Once past the corporal, Bottle scowled back at him over a shoulder. ‘Corabb, why are you talking like Cuttle’s dumber brother these days?’

‘I’m a marine, soldier, and that’s what I am and this is how us marines talk. Like the sergeant says, what battle was that again? Ancient history. We fight somebody? When? Like that, you see?’

‘The best marines of all, Corporal,’ Tarr drawled, ‘are the ones who don’t say a damned thing.’

‘Corporal Corabb?’

‘Sorry, what, Sergeant? Like that?’

‘Perfect.’

Bottle could see Balm and his squad a dozen paces ahead. Throatslitter. Deadsmell. Widdershins. That’s it? That’s all that’s left of them?

‘No warrens around here, right?’

‘Sergeant? Oh, aye. None at all. These Fid’s questions?’

‘So it’s dead as dead can be.’

‘Aye. Like a sucked bone.’

‘Meaning,’ Tarr resumed, ‘no one can find us out here. Right?’

Bottle blinked, and then scratched at the stubble on his jaw. His nails came away flecked with burnt skin and something that looked like salt crystals. He frowned. ‘Well, I suppose so. Unless, of course, they’ve got eyes. Or wings,’ and he nodded upward.

Breath gusted from Tarr’s nostrils, making a faint whistling sound. ‘For that, they’d have to be out here, doing what we’re doing. But this desert’s supposed to be impassable. No one in their right minds would ever try and cross it. That’s the view, isn’t it?’

The view? It ain’t opinion, Tarr. It’s a fact. No one in their right minds would try and cross it. ‘Is there someone in particular, Sergeant, who might be trying to find us?’

Tarr shook his head. ‘Captain’s the one with the Deck, not me.’

‘But they’ll be cold here, those cards. Lifeless. So, what we’re talking about is a reading he did before we crossed over. Was someone closing in, Sergeant?’

‘No point in asking me that, Bottle.’

‘Listen, this is ridiculous. If Fiddler wants to ask me stuff, he can just hump down here and do it. That way, I can ask stuff back.’

‘Are they blind, Bottle, is what Fid wanted to know. Not us. Them.’

Them. ‘Aye. Wide-Eyed Blind.’

Tarr grunted. ‘Good.’

‘Sergeant … can you remember who came up with our name? Bonehunters?’

‘Might have been the Adjunct herself. The first time I heard it was from her. I think.’

But this is impossible. Aren. She couldn’t have known. Not then.

‘Why, Bottle?’

‘No reason, just wondering. Is that it? Can me and the corporal switch round again?’

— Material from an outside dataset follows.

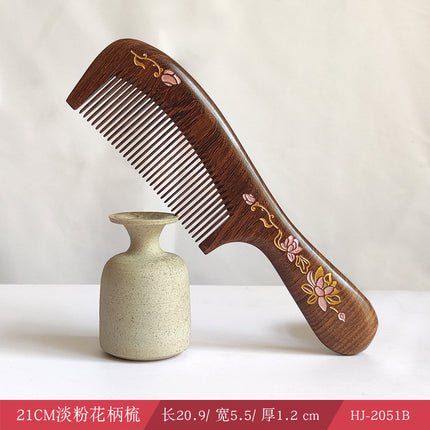 Sandalwood Comb for Meridian Scalp Massage, Anti-Static Hair Comb for Women, Medium-Tooth Volumizing Comb, Meridian Comb Gift Box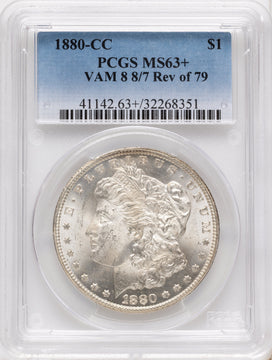 1880-CC $1 VAM 8 Morgan Dollar PCGS MS63+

‘One more question. Is Quick Ben alive?’

‘I already told Fid—’

‘This question ain’t his, Bottle. It’s mine.’

‘Listen, I don’t know – and I told Fid the same thing. I got no sense with those people—’

‘Which people?’

‘Bridgeburners. Those people. Dead Hedge, Quick Ben – even Fiddler himself. They aren’t the same as us. As you and me, Sergeant, or Corabb back there. Don’t ask me to explain what I mean. The point is, I can’t read them, can’t scry for them. Sometimes, it’s like they’re … I don’t know … ghosts. You poke and you go right through. Other times, they’re like a solid mountain, so big the sun itself can’t climb over them. So I don’t know, is my answer.’